## EXERCISE PROMPT:
With pictures omitted, copy exactly the lines from the one containing "Shaggy Bear Cardigan - Butter In The Sun" through the end of the records below.
|---|
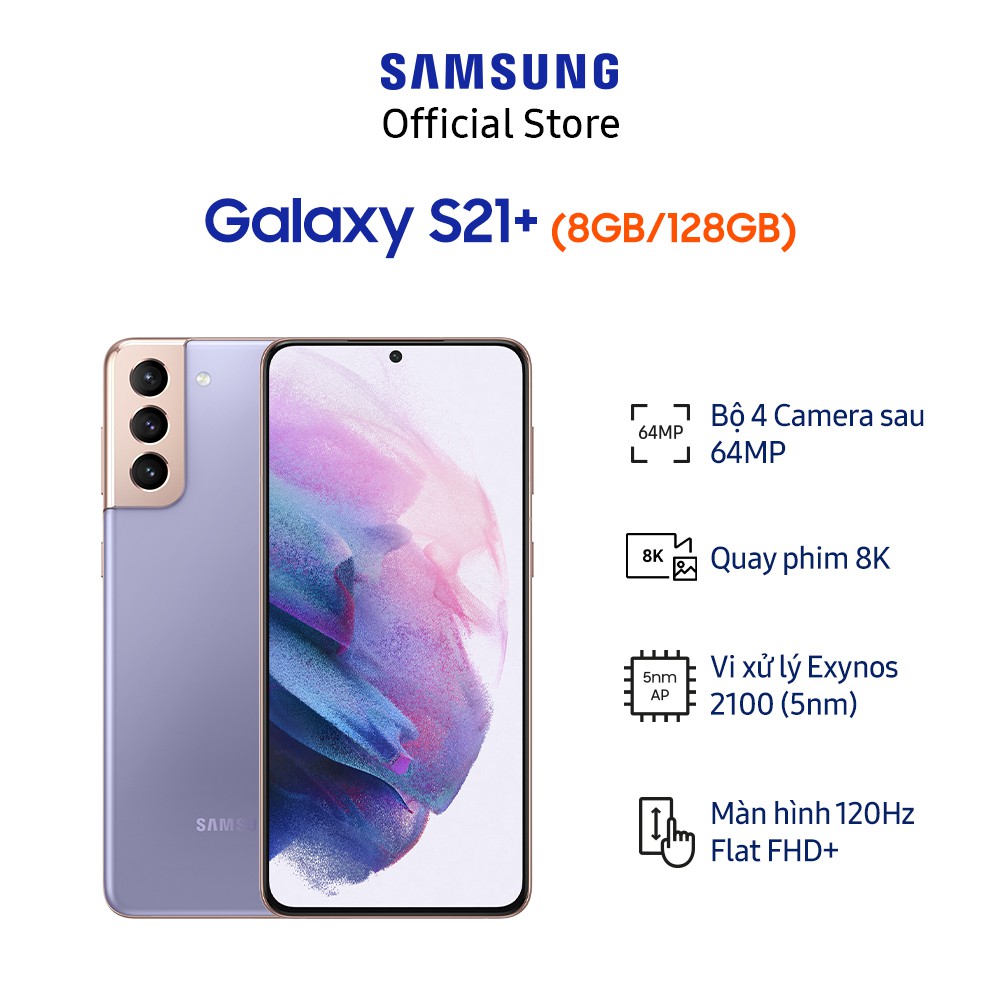 Điện Thoại Samsung Galaxy S21+ 5G (8GB/128B) - Hàng Chính Hãng | BigBuy360 - bigbuy360.vn
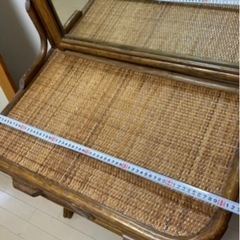 ラタン藤のドレッサーの画像
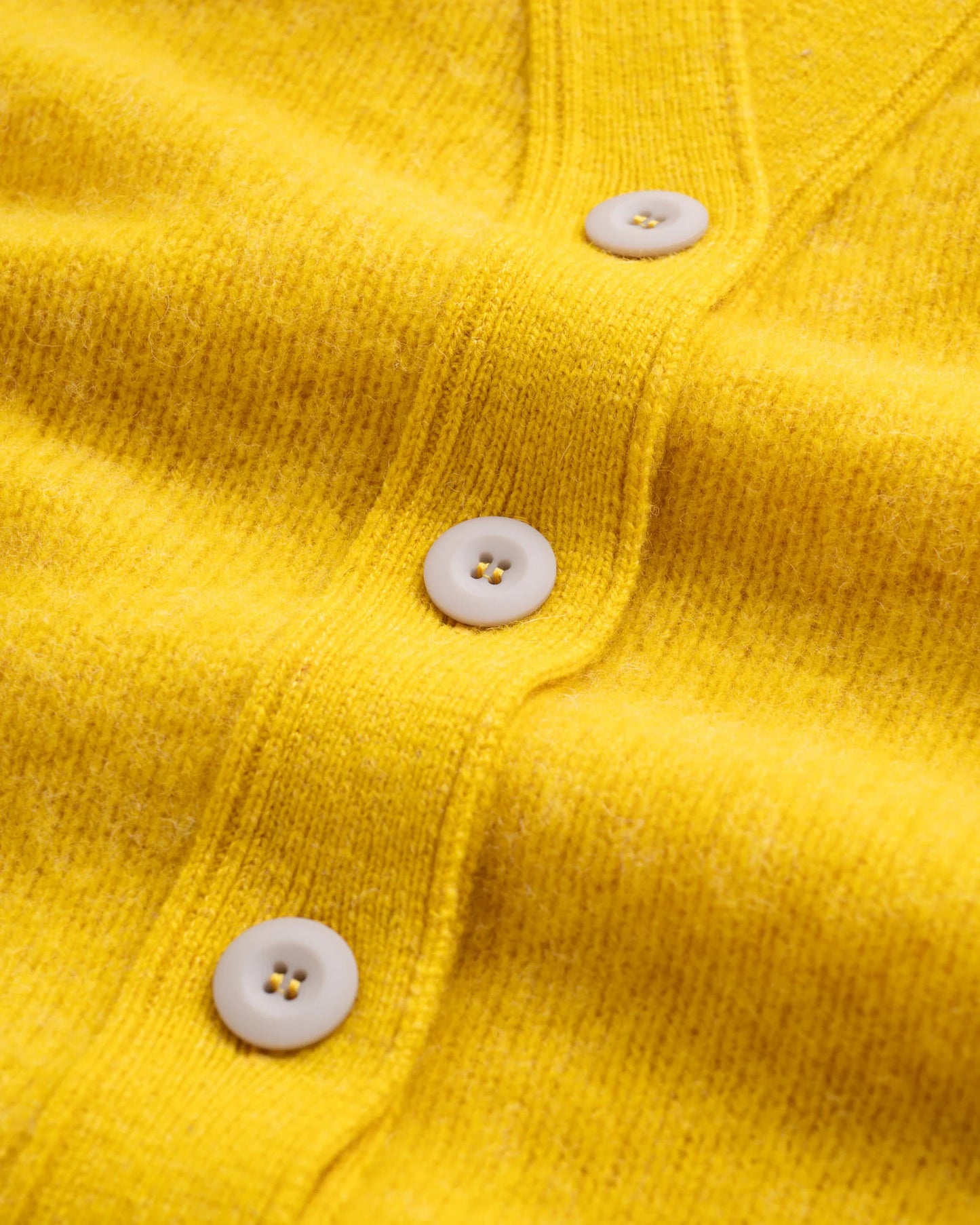 Shaggy Bear Cardigan - Butter In The Sun
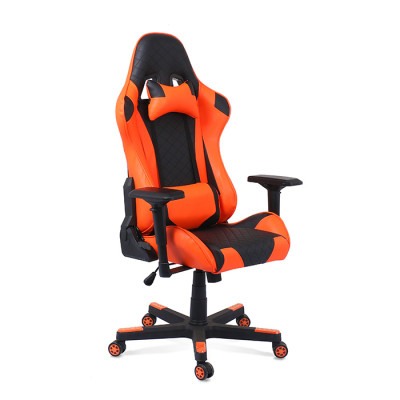 High quality Lumbar Support Reclining Racing Gaming Chair with 2D armrest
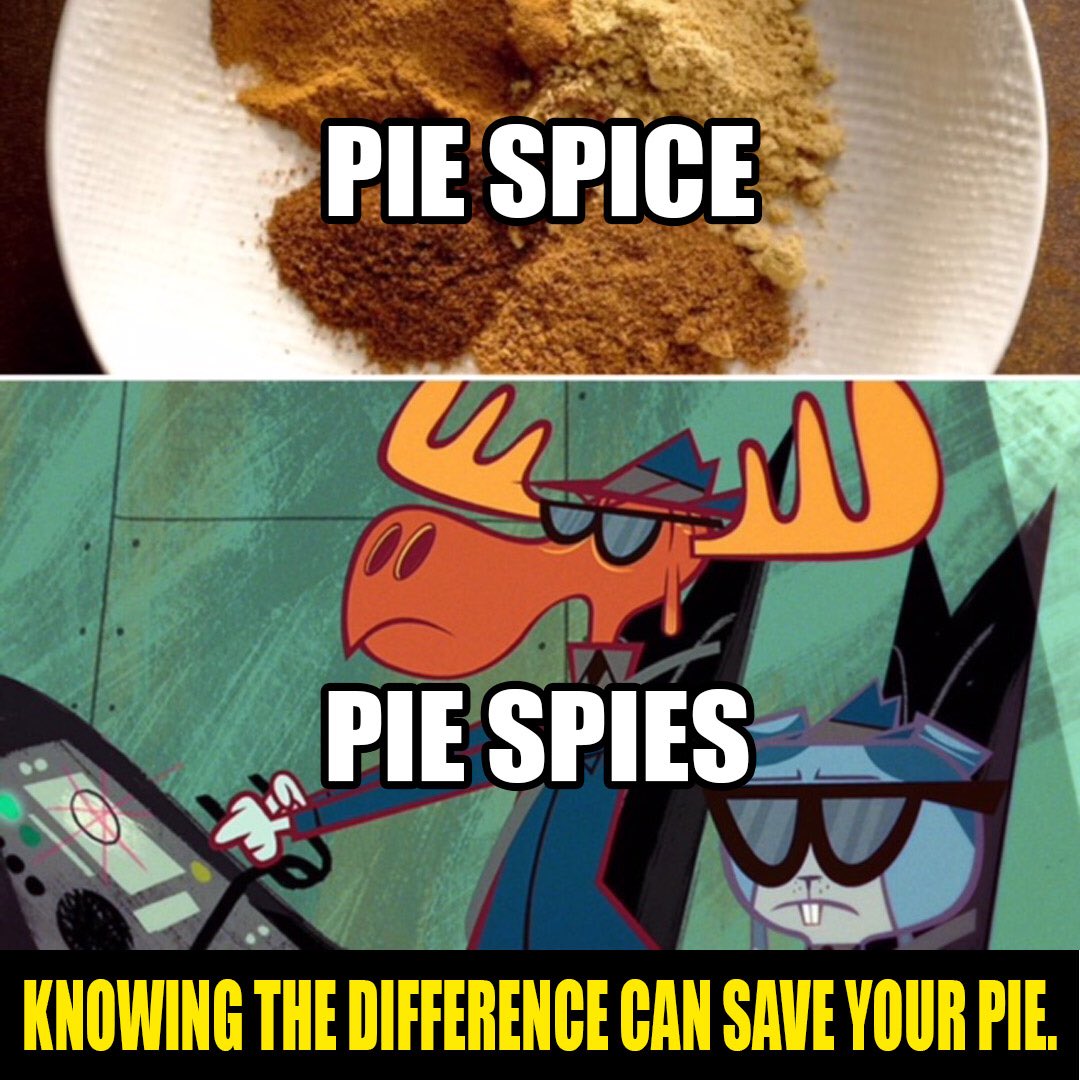 bradnaction's tweet image. This fall...know the difference. Save a pie. 🥧😎
#rockyandbullwinkle @PrimeVideo @PrimeVideoKids @tarastrong #mooseandsquirrel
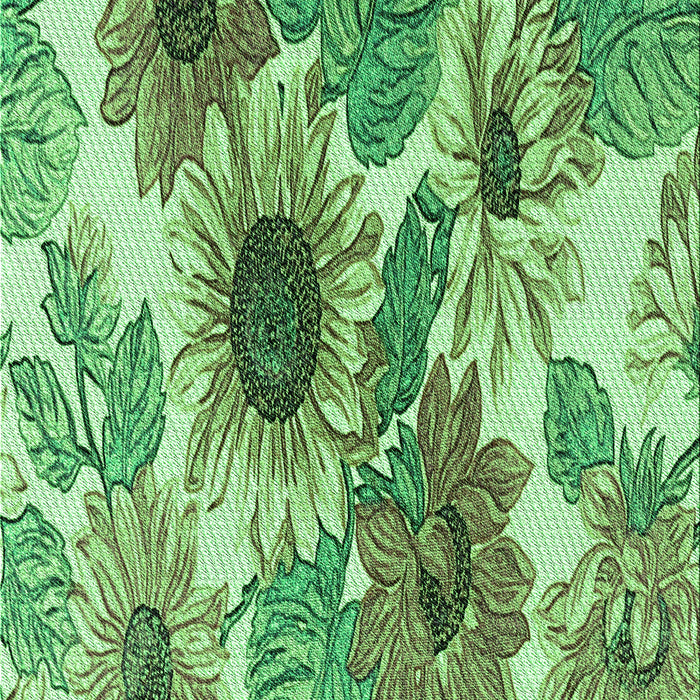 Patterned Jade Green Rug, pat1124grn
|---|
## ANSWER TO THE PROBLEM:
 Shaggy Bear Cardigan - Butter In The Sun
 High quality Lumbar Support Reclining Racing Gaming Chair with 2D armrest
 bradnaction's tweet image. This fall...know the difference. Save a pie. 🥧😎
#rockyandbullwinkle @PrimeVideo @PrimeVideoKids @tarastrong #mooseandsquirrel
 Patterned Jade Green Rug, pat1124grn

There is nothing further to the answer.